Psicoterapia Sensóriomotora – Quando as Palavras não Chegam

Na minha busca por ferramentas e conhecimento que possam ser mais eficientes e respondar com mais sucesso às necessidades e dificuldades da pessoa que recorre a ajuda psicológica, têm sido vários os caminhos que tenho experimentado. Comecei por explorar psicoterapia corporal, estudei várias vertentes (entre elas a Análise Bioenergética, cujos exercícios ainda hoje uso em diversos momentos), percebi a importância e eficácia em determinados processos, mas faltava algo. Posteriormente, segui o caminho da psicologia clínica tradicional, para no final sentir que também não bastava. Desde esse momento, a busca tem sido no sentido de integrar duas vertentes e trabalhar com ambas, em função das necessidades específicas de cada pessoa e situação.

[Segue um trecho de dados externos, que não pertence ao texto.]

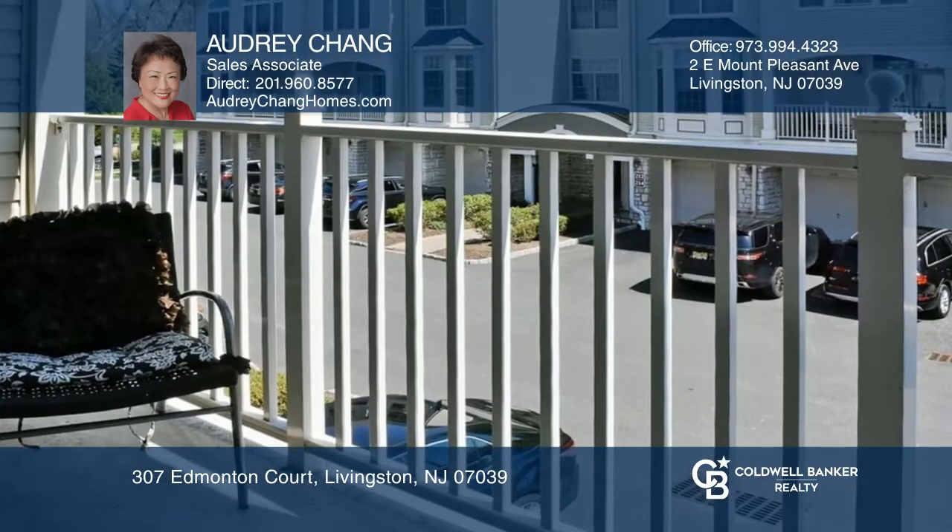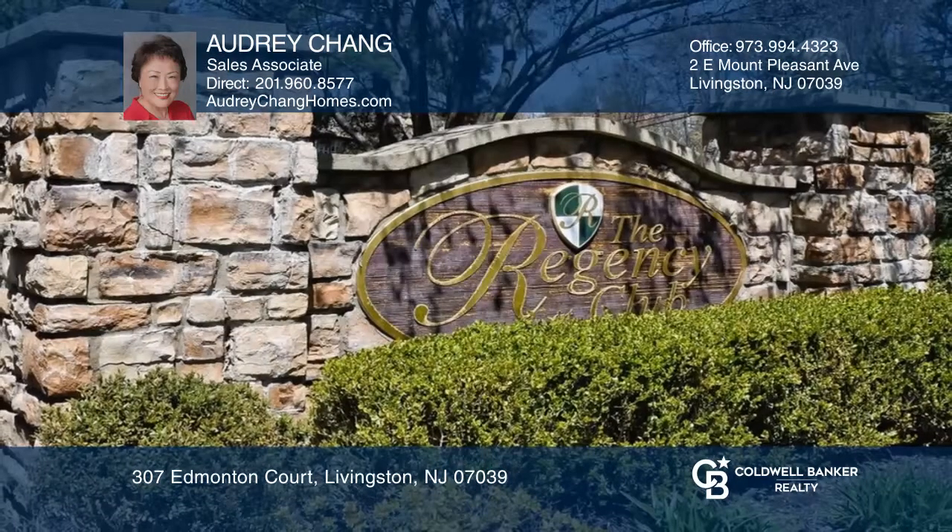There is a sliding glass door from the living room to the private balcony. Audrey Chang is ready to show you your new home!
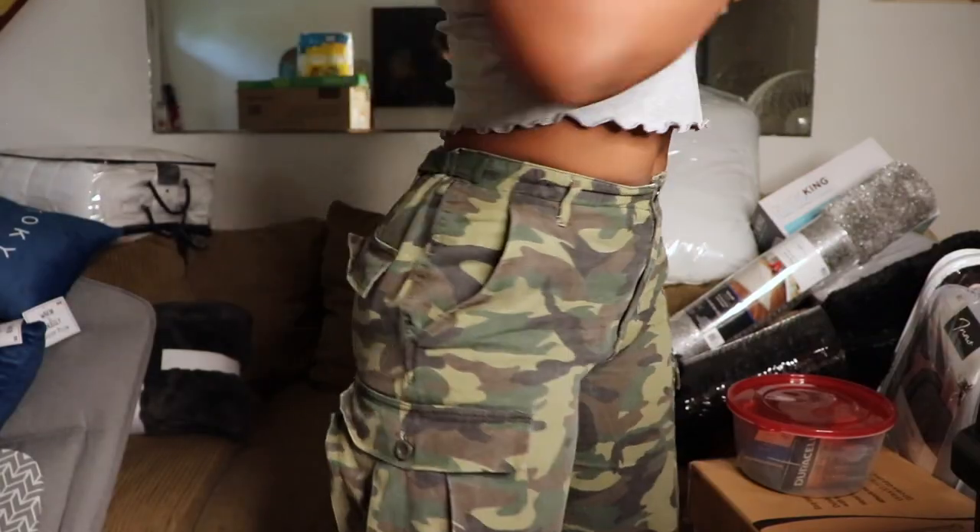Oh, I completely forgot — I got a full-length mirror from Target! It's 20 inches by 60 inches and cost $52. I had it stored in my nana's room so it wouldn't get broken. It has silver sides and it's super cute.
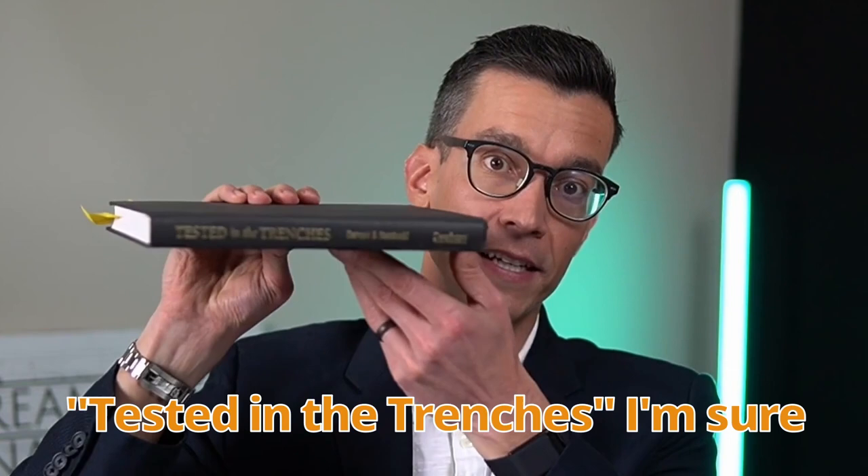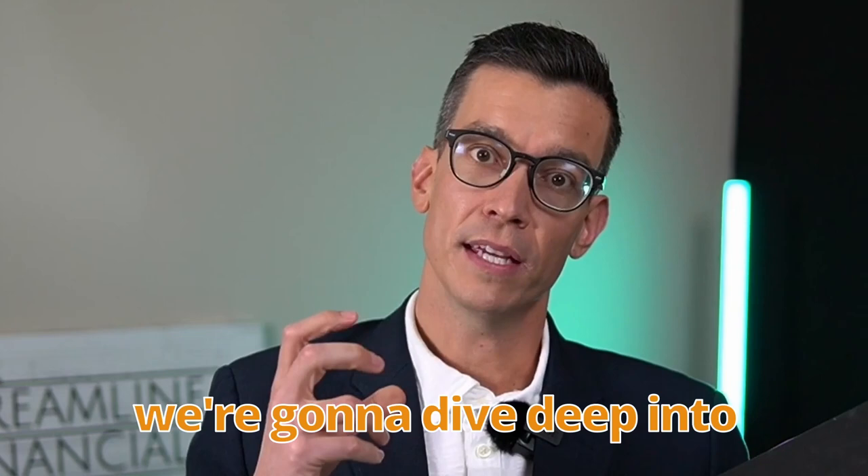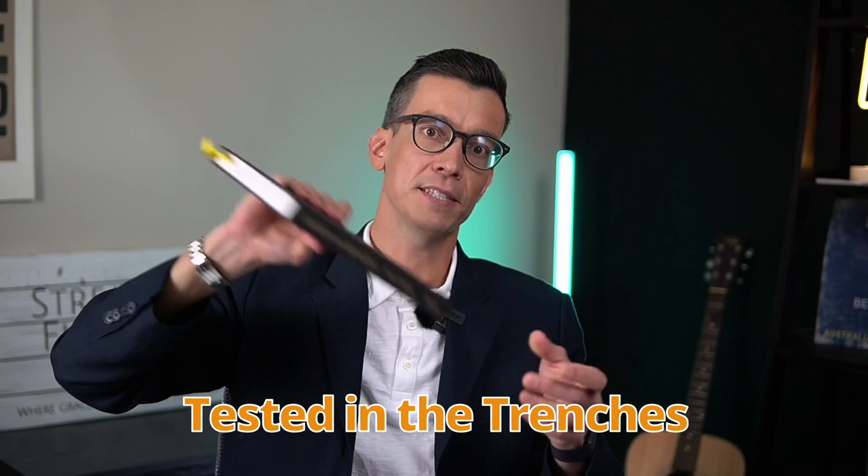Yep, I'm holding it the right way. We're going to dive deep into chapter one of this book. The official title is Tested in the Trenches, a nine-step plan for success as a new era advisor.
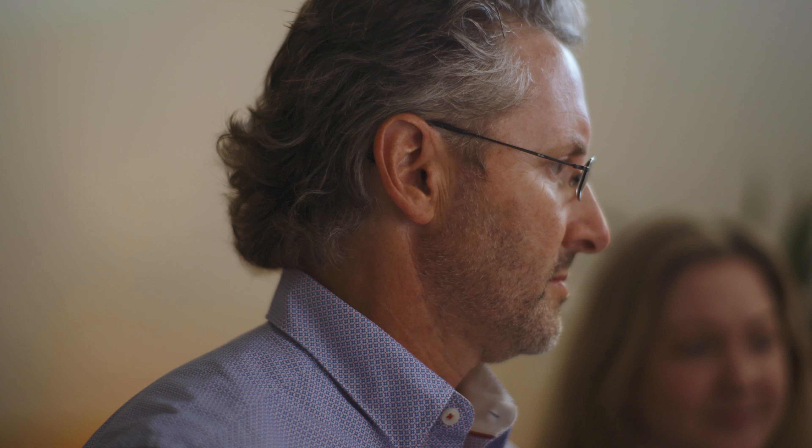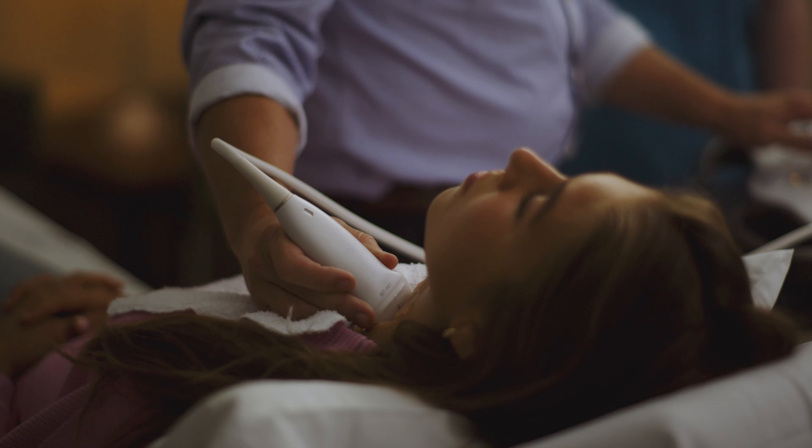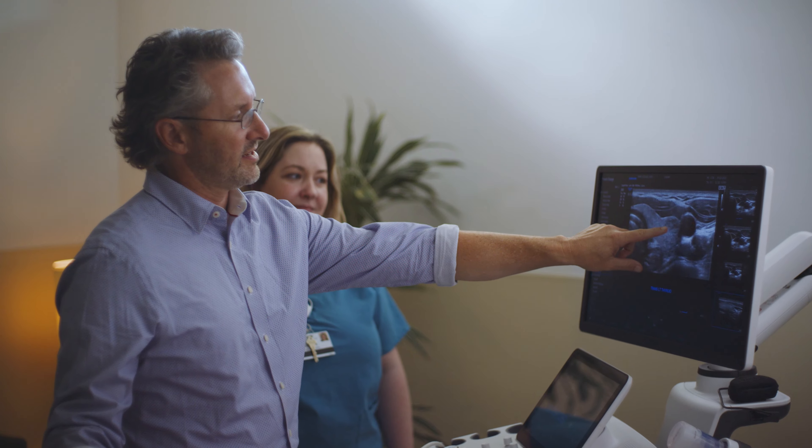Dr. Philly is an amazing teacher. Getting to work with him is learning every day and always being up on what's new in ultrasound, especially with the RS 85.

Nesta busca, cruzei-me com a Teoria Polivagal de Stephen Porges e toda a informação preciosa sobre o impacto directo do Sistema Nervoso no comportamento e, particularmente, do nervo vago (sobre a qual escreverei brevemente), o conhecimento valioso de Deb Dana e, mais recentemente, com a Psicoterapia Sensoriomotora, de Pat Ogden. Finalmente, tudo o que parecia ser necessário e importante para o processo psicoterapêutico (pelo menos, na minha visão do que é o processo psicoterapêutico) estava ali, pensado, estruturado, fundamentado e posto em prática de forma clara e eficaz.
É uma completa mudança de paradigma mas é uma mudança necessária, que só peca por tardia.
Somos ensinados a sentar-nos e ouvir o outro, a trabalhar com o que os clientes trazem em palavras, recorrendo à sua memória autobiográfica, aos acontecimentos de que se lembram, ou seja, com as suas memórias explicitas. No entanto, com o tempo e com alguma experiência, apercebermo-nos que os clientes trazem com eles, na maioria das vezes, um tipo de sofrimento associado a formas de ser e de reagir a estímulos externos, cuja origem não está consciente. É, exactamente, aqui que começam os limites da psicoterapia pela palavra.
Porquê? porque no nosso comportamento diário, nas formas de nos ligarmos e reagir ao mundo, somos maioritariamente governados por memórias implícitas. Ou seja, aquilo de que não nos lembramos de forma consciente. Ora, se não nos lembramos, como poderemos falar sobre elas? Se não falamos delas, se não nos lembramos delas, como aceder a esse lugar de sofrimento e ajudar a curá-lo?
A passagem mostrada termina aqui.